### Work to be completed
Quote these lines exactly: the one that holds "Hotel Himalayan Heaven" and every line after it to the end of the material below. Skip pictures.

### Information supplied
---

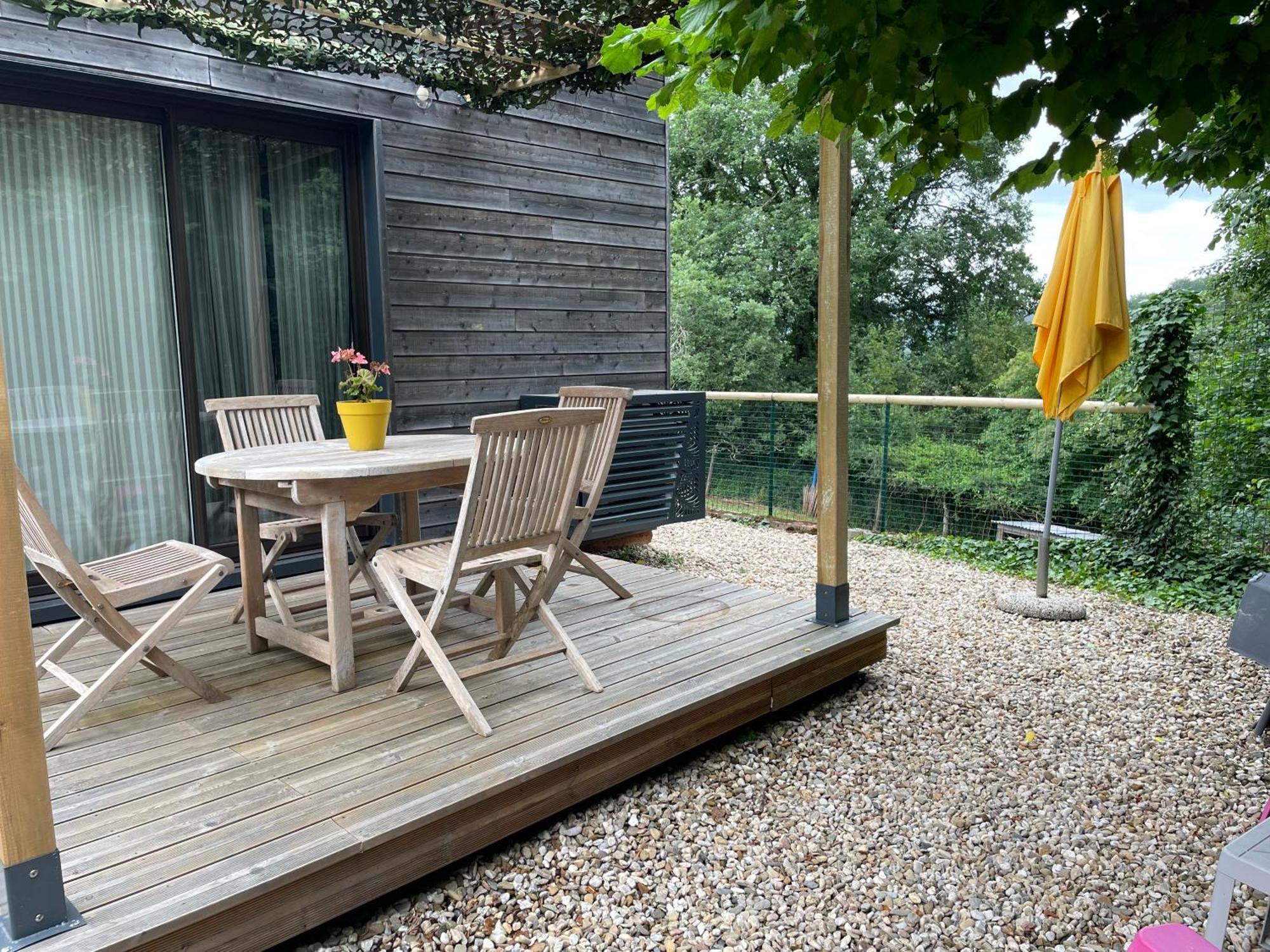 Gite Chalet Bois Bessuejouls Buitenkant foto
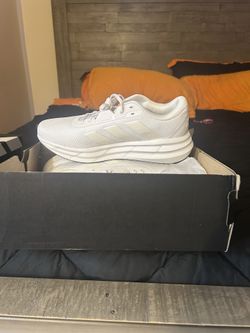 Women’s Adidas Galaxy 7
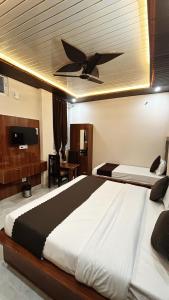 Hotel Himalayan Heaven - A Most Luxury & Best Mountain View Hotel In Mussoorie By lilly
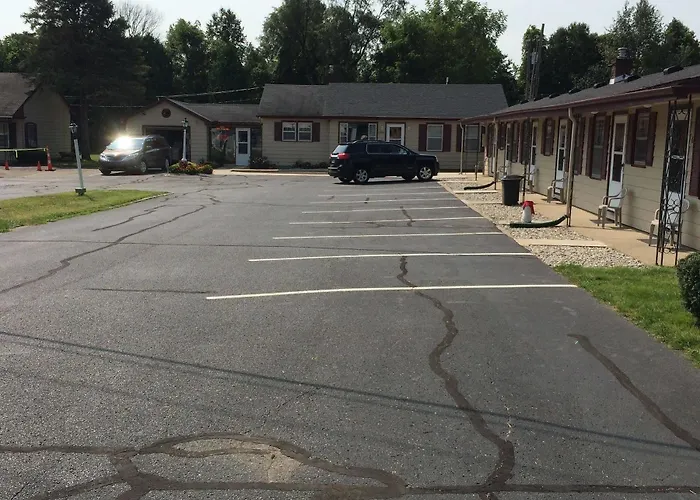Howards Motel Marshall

---

### Task solution
 Hotel Himalayan Heaven - A Most Luxury & Best Mountain View Hotel In Mussoorie By lilly
Howards Motel Marshall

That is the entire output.